The door and bottom will be Panda film and tape also.


----------



## Elwood47 (Mar 27, 2020)

Moving forward. Pots are under the table. Sitting on 5gal buckets and bricks. 
With this setup, once we get going there will be no moving it.


----------



## Lesso (Mar 27, 2020)

Cool. What strain are you thinking?


----------



## The Hemp Goddess (Mar 28, 2020)

What are the advantages of this set up?  You are going to scrog 2 plants in an area that is only 2 x 2?


----------



## Elwood47 (Mar 28, 2020)

Advantages? I'm not sure if they're are any. Was just trying a low budget scrog with a LED. Most scrog's I've seen used 2. Always open to suggestions.


----------



## The Hemp Goddess (Mar 28, 2020)

Just a different concept--having your growing pots and medium out of the "tent" area.  I don't think that I've seen this before.  Usually when someone comes up with a different growing concept, it is because they believe that there are advantages to it.  I was just curious as to the reasoning behind it.  

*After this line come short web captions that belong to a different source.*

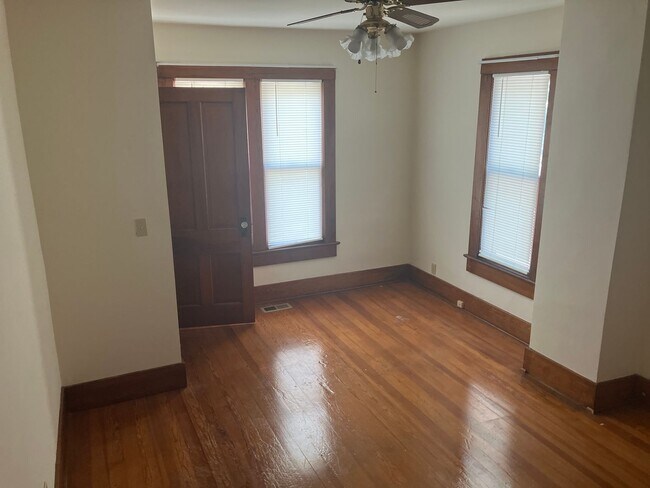 Foto del edificio - 216 W Market St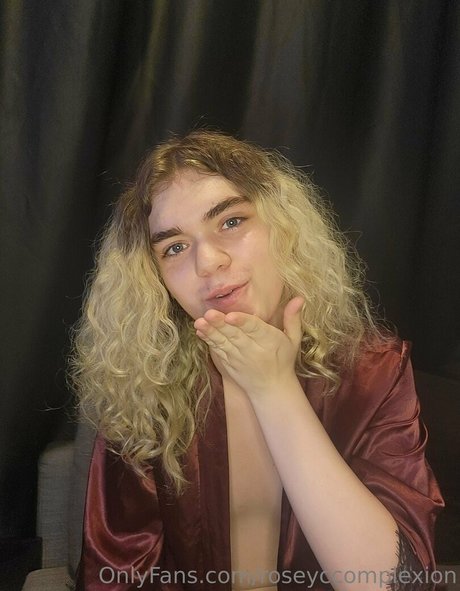 roseyccomplexion top actress photo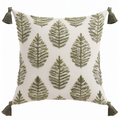 Cojín cuadrado 45 cm de tela beige y verde con relieve vegetal y borlas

I was just thinking that you might be a big crowded trying to scrog 2 plants in a 2 x 2 space.  And I see some problems trying to do the trimming and training that scrog requires with the pots below the table like they are and access from only 1 side.  What is the distance from the top of the pots to the bottom of the tent?


----------



## St_Nick (Mar 28, 2020)

I suggest only one plant and even then it is going to be more "training" then a true scrog, good luck though.  I'm always impressed by innovation though, good luck


----------



## Elwood47 (Mar 28, 2020)

Having the pots below the tent was to solve the problem of the tent only being 36 inches high. This way top of the pots to the top of the tent is still 36 inches. I could have bought more pipe. It was a personal challenge just to use what's on hand. Still can go with one plant. How high  should the screen be from the top of the pots? And how big should the holes be? Looking at the junk piles for a useable screen.


----------